The tools Adobe uses and sells include everything from legacy stalwarts to bleeding-edge AI platforms. The presence of Anthropic Claude, OpenAI, Adobe Sensei, and tools like Databricks, Snowflake, and AWS Bedrock in Adobe's technology landscape reflects how aggressively the company is integrating AI into both its products and internal operations.
Seventeen Years in Motion
Customer Growth in the AI Era
The work Christensen does exists at an inflection point. Enterprise software customer growth - the discipline of expanding revenue from existing customers, reducing churn, and deepening adoption - is being reshaped by AI faster than most go-to-market functions anticipated. Customers who once renewed on relationship and habit are now evaluating whether AI-native alternatives offer a fundamentally different cost-to-value ratio.
Adobe, to its credit, is not standing still. Adobe Firefly, Adobe Sensei, and integrations with large language models signal an organization attempting to lead its category through the transition rather than follow it. The customer growth function sits at the intersection of all of this: communicating new value to existing customers, helping enterprises migrate their workflows to AI-augmented versions, and defending Adobe's position against a suddenly more competitive landscape.
For Christensen, operating from Utah rather than Silicon Valley, the work requires being tuned in to an enterprise customer base that itself is spread across industries and geographies. The remote-from-headquarters reality that once might have felt like a disadvantage now looks more like a feature - closer to customers, closer to the realities of enterprise software deployment in markets far from the Bay Area bubble.
The seventeen-year arc from BDR to AVP is a reminder that the enterprise software industry rewards patience and compound growth - both in revenue and in leadership capability. Christensen built both. He does the work from Salt Lake City. The results, if Adobe's trajectory holds, speak at the level of a $23 billion revenue line.
The Traits That Travel
Across seven roles at four companies, certain qualities appear to have remained consistent. Colleagues describe a leader whose instinct is to develop people rather than extract performance from them. The distinction matters more than it might appear. Developers of people create organizations that can survive their own promotions. Extractors of performance create dependencies that collapse when the leader moves on.

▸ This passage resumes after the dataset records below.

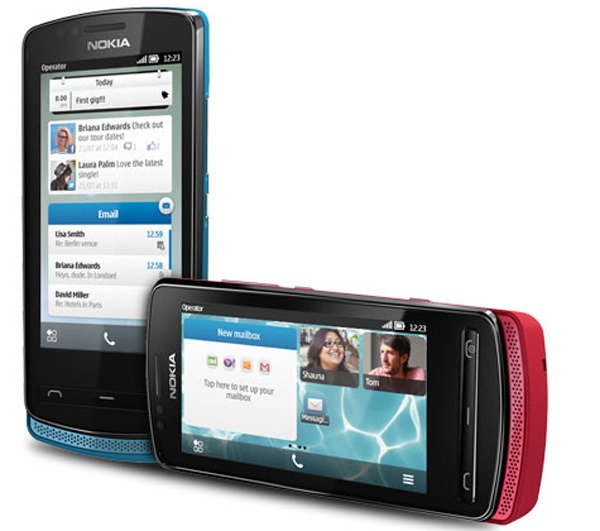 Los Nokia 700 y Nokia 701 ya están a la venta 3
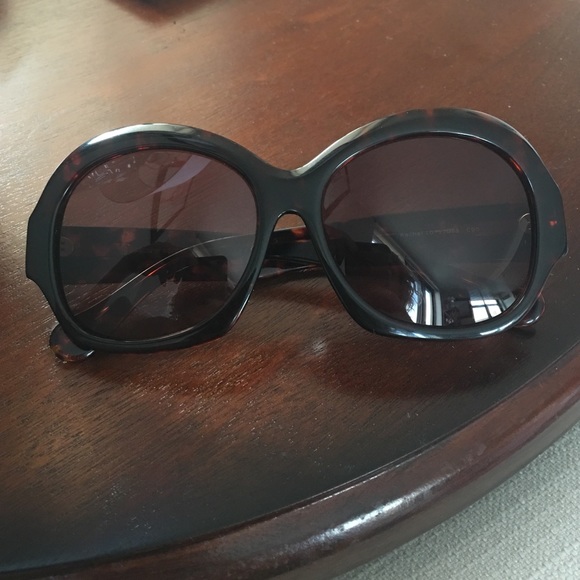 Oversized Tortoise House of Harlow sunglasses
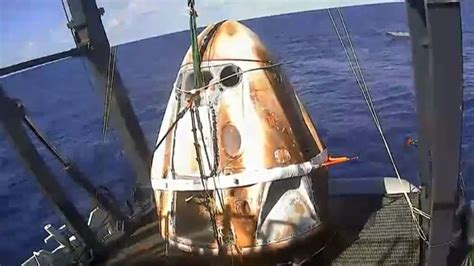 Watch Spacex Crew Dragon Splashes Down In Atlantic Ocean Kut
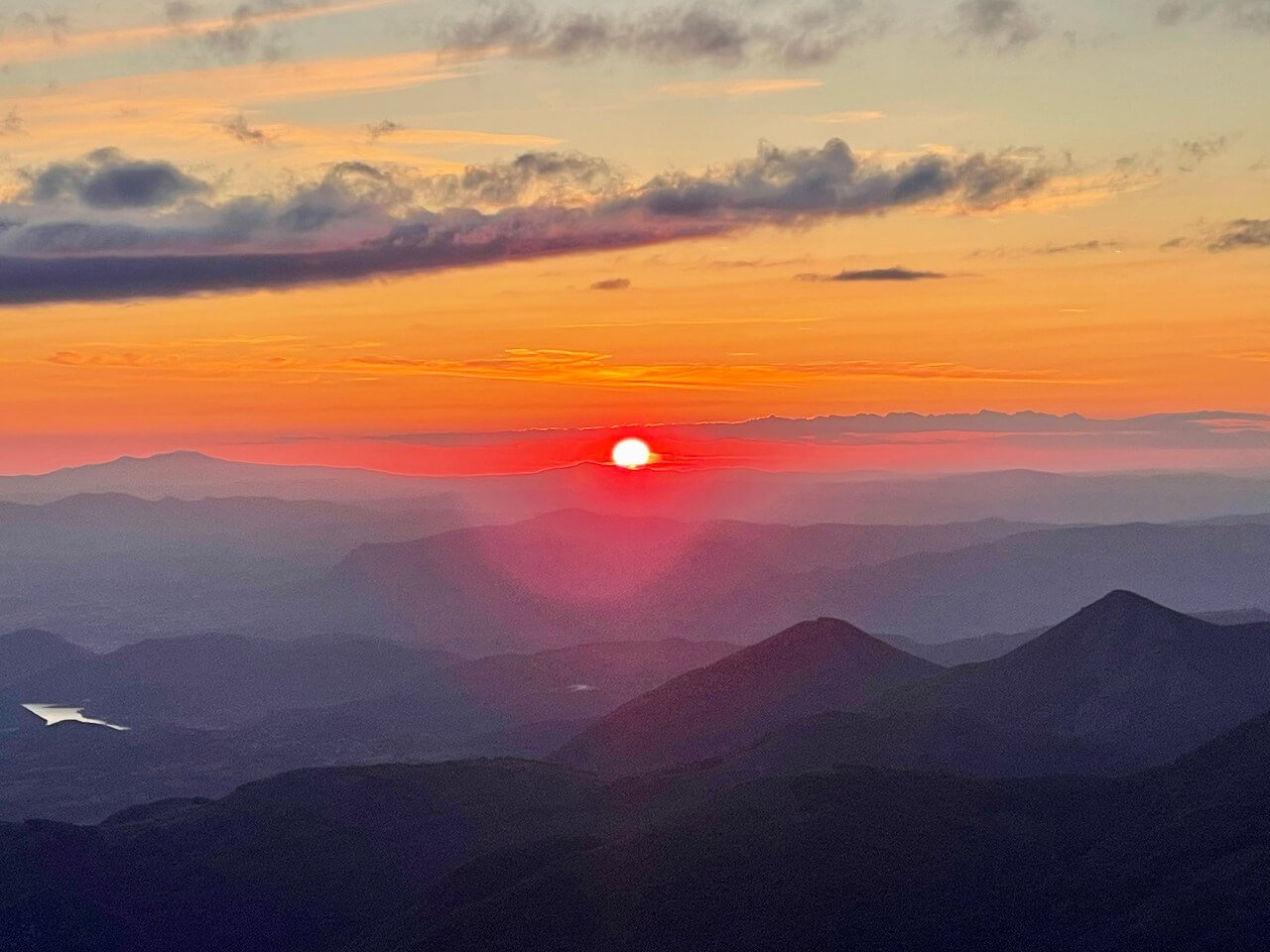 Trekking del Terminillo, dal tramonto all'alba con notte in Rifugio a 2108m - Strike Adventure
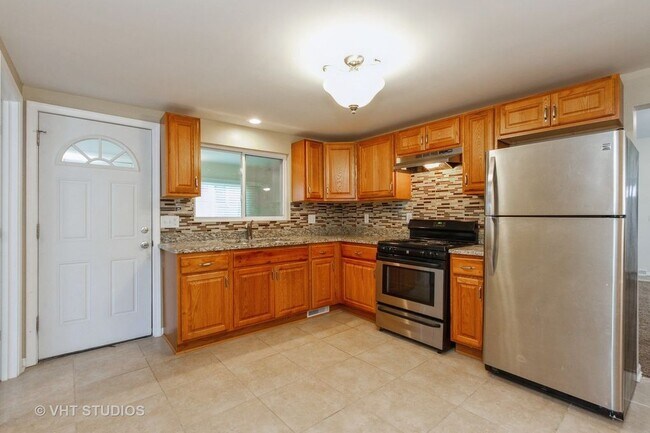 Kitchen - 3105 Commercial Ave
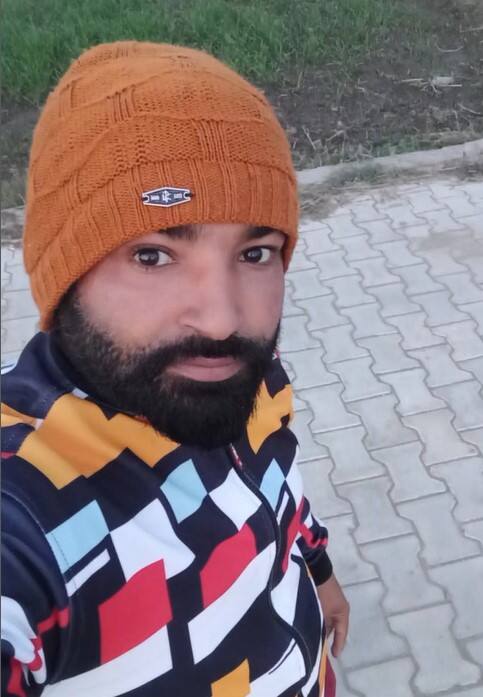 ਰਿਪੋਰਟਾਂ ਦੀ ਮੰਨੀਏ ਤਾਂ ਰਣਦੀਪ ਨੇ ਕੀਟਨਾਸ਼ਕ ਨੂੰ ਸ਼ਰਾਬ ਸਮਝ ਕੇ ਪੀ ਲਿਆ, ਜਿਸ ਕਾਰਨ ਉਨ੍ਹਾਂ ਦੀ ਮੌਤ ਹੋ ਗਈ। ਹਾਲਾਂਕਿ, ਉਸਦੀ ਮੌਤ ਦੇ ਅਸਲ ਕਾਰਨਾਂ ਦਾ ਅਜੇ ਅਧਿਕਾਰਤ ਤੌਰ 'ਤੇ ਐਲਾਨ ਨਹੀਂ ਕੀਤਾ ਗਿਆ ਹੈ। ਇਸ ਵਿਚਾਲੇ ਪੁਲਿਸ ਰਣਦੀਪ ਸਿੰਘ ਭੰਗੂ ਦੀ ਮੌਤ ਦੀ ਜਾਂਚ ਕਰ ਰਹੀ ਹੈ। ਪੁਲਿਸ ਦੀ ਮੁੱਢਲੀ ਜਾਂਚ ਤੋਂ ਪਤਾ ਲੱਗਾ ਹੈ ਕਿ ਉਹ ਸ਼ਰਾਬ ਪੀਂਦੇ ਸਨ।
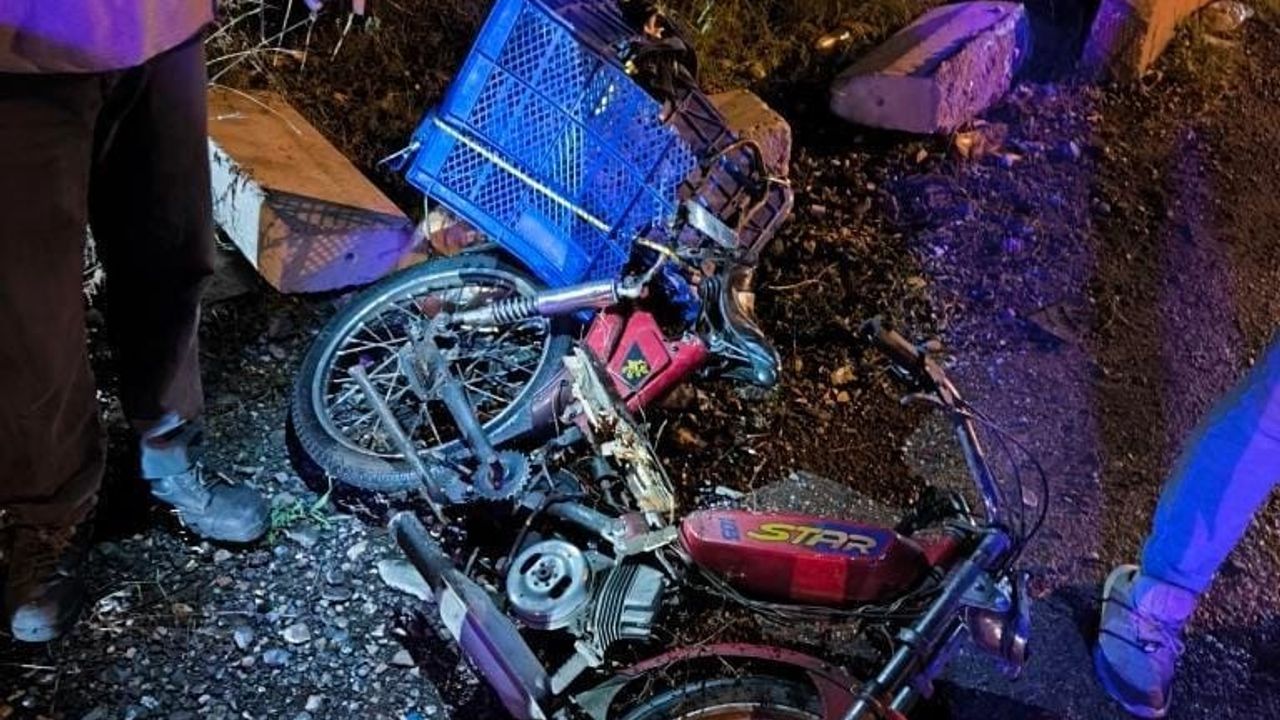 Trenin çarptığı motosikletli ağır yaralandı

The "uncanny ability to be a good judge of character" that a colleague attributed to him is an underrated executive skill. Hiring well, delegating to the right people, knowing which customers are worth investing in and which relationships are terminal - all of it runs on that ability. In enterprise software, where long relationship cycles make early misjudgments expensive, character-reading is not a soft skill. It is a competitive advantage.